THE IMPORTANCE OF THE MOTHER AS A BIOASSAY FOR DIAGNOSING AND TREATING FOETAL THYROTOXICOSIS
ST Wahid1, R Jha2, K Brown3 & JU Weaver1
The foetus of a mother with previous or current Graves disease is at risk of developing thyrotoxicosis. The mother can act as a bioassay to diagnose foetal thyrotoxicosis. We describe the difficulties in managing foetal thyrotoxicosis in a mother who could not act as a bioassay because of previous Graves disease treated by total thyroidectomy.

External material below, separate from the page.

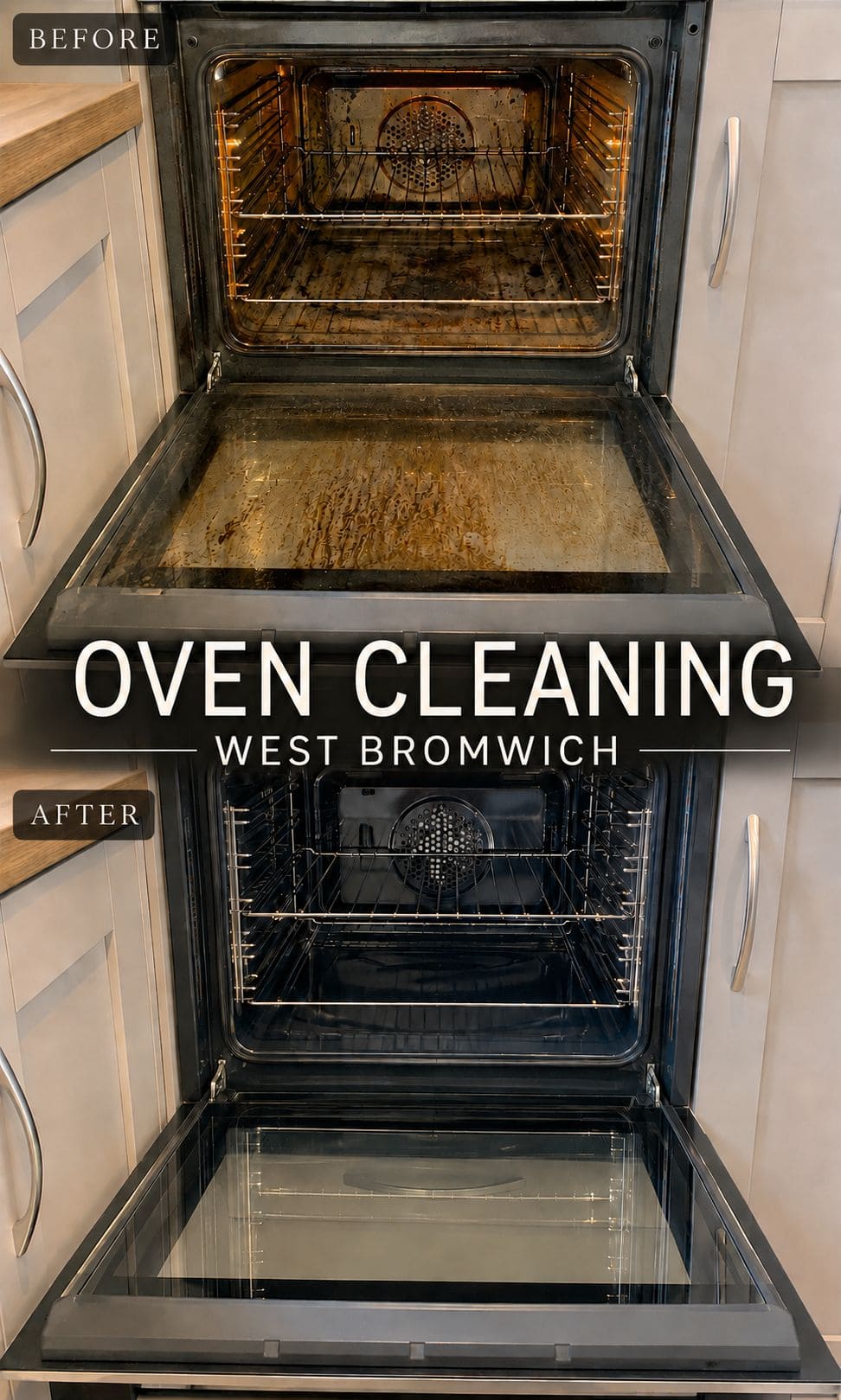 Before and after professional oven cleaning in West Bromwich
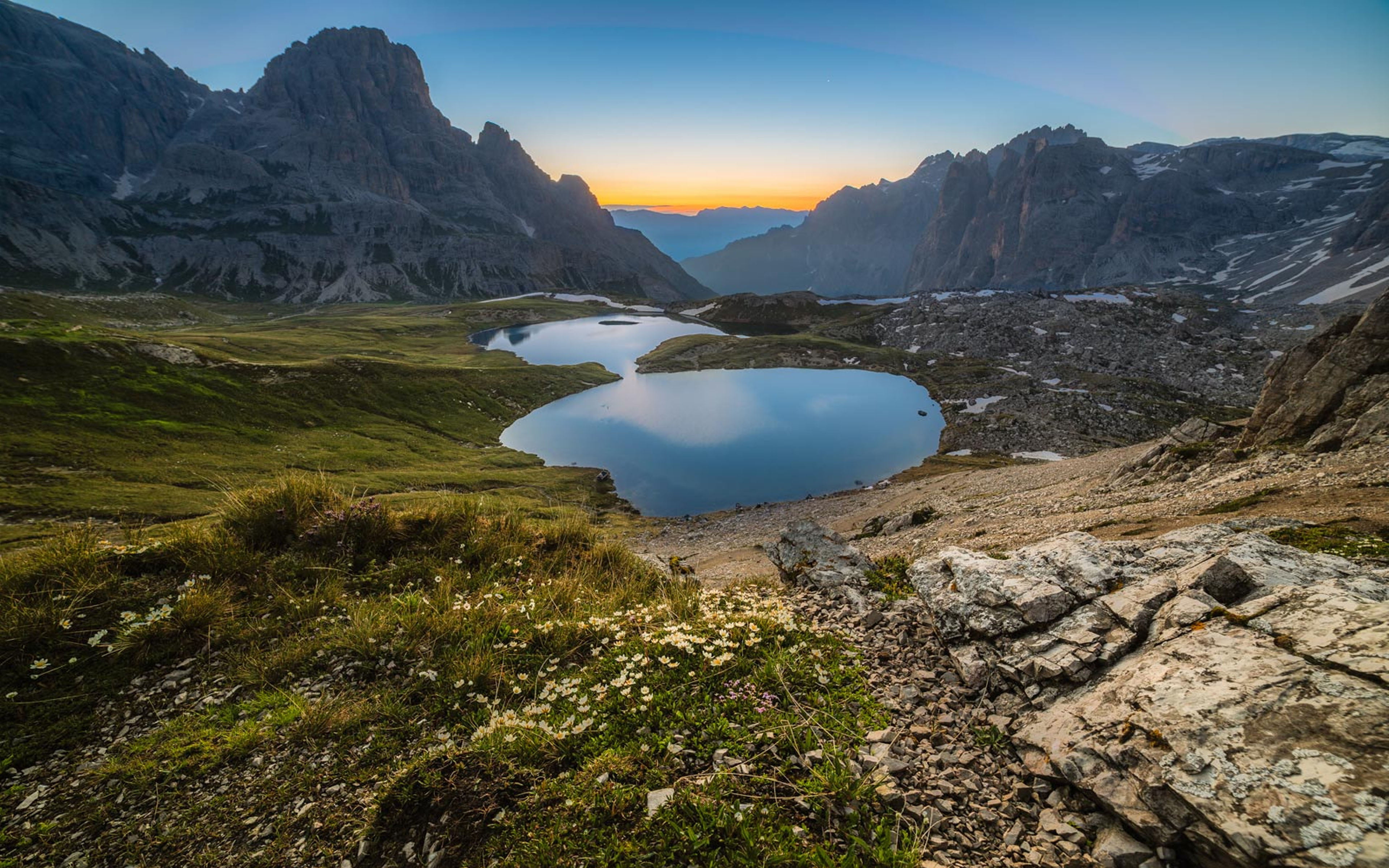 sky, 4K, idyllic, italy, cloud - sky, desktop, tyrol, known, winter, nature, sexten, water, environment, sunset, mountain range, village, tranquil scene, HD Wallpaper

A 35year old woman fell pregnant 3 months after a total thyroidectomy for relapsed Graves disease and concomitant eye disease. Her thyroxine dose was increased from 150 to 250 microg o.d over the first 12 weeks to maintain euthyroidism throughout pregnancy. At 17 weeks gestation (17/40) a TSH-receptor binding inhibitory immunoglobulin (TBII) level of 58 u (normal <15 u) suggested that the foetus had a high risk of developing thyrotoxicosis. TBII rose to 70 u by 25/40. Thereafter bi-weekly TBII, weekly foetal heart rate (FHR) monitoring via cardiotocography and monthly foetal biophysical profiles were done. Up to 30/40 FHR remained less than 160 bpm, TBII varied from 66-73 u and foetal growth was satisfactory. At 31/40 a FHR of 166 bpm suggested foetal thyrotoxicosis. The mother was administered propylthiouracil (PTU) 50mg t.d.s. At 33/40 FHR was still high at 151 bpm, requiring PTU 100mg t.d.s. Until delivery FHR remained controlled at 124-140 bpm and TBII varied from 64-73 u. A 7lb-baby boy with a TSH of 61 mu/L (normal 1.0-9.1 mu/L) was delivered. Thyrotoxicosis developed 5 days later (TSH=0.41 mu/L, free T4=71.9 pmol/L (normal 9-40 pmol/L)), which required treatment with propranolol and PTU until neonatal TBII levels had fallen from 79 to less than 5 u 8 weeks after birth.
Our case illustrates the difficulty in maintaining euthyroidism in foetal thyrotoxicosis despite TBII and FHR measurements. Total thyroidectomy in women of childbearing age with Graves disease should be undertaken as a last resort.